Britain’s former trade secretary calls for carbon border tax

Liam Fox, trade minister from 2016-2019, was speaking ahead of a meeting of the world's seven largest advanced economies in Britain next month. [EPA-EFE/SALVATORE DI NOLFI]

Britain’s former trade minister Liam Fox has called for a carbon border tax to help protect businesses against cheaper imports from countries with less strict climate policies.

“I hope the government will bring forward concrete plans to create a workable proposal on this as soon as possible,” he told Reuters.

Fox, trade minister from 2016-2019, was speaking ahead of a meeting of the world’s seven largest advanced economies in Britain next month and will outline his tax proposal in a speech to the Centre for Policy Studies on Thursday (27 May).

“For UK and European business, there is an increasing view that the carbon price is now so high it is making them uncompetitive in a global context,” he said.

“Why should they be taking measures to reduce their carbon footprint while high-polluting countries can sell into their markets without these costs.”

Britain has a target of reaching net zero emissions by 2050 and last week launched a domestic emissions trading system charging power plants, factories, and airlines for each tonne of carbon dioxide they emit.

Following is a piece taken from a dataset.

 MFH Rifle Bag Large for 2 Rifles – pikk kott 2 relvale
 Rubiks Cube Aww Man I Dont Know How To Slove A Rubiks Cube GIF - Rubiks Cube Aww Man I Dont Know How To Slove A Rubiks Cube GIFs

The British ETS replaces the country’s participation in the EU’s ETS, which it left following Brexit.

Prices in the British scheme trade around 51.50 pounds ($72.98) a tonne, a premium to Europe’s prices, which hit a record 56.90 euros ($69.62) a tonne last week.

A World Bank report this week said around a fifth of the world’s greenhouse gas emissions are covered by a price on carbon, either via an ETS or a carbon tax, but the cost of carbon varies greatly in different regions.

The EU is already drafting plans to impose a carbon border tax to protect energy-intensive industries such as steel, likely to not take effect before 2023.

Germany's Scholz proposes ‘climate club’ to avoid trade friction

Germany wants the European Union to create a “climate club” with other countries like the United States, Japan and possibly even China to avoid trade friction linked to green tariffs such as a planned carbon border levy.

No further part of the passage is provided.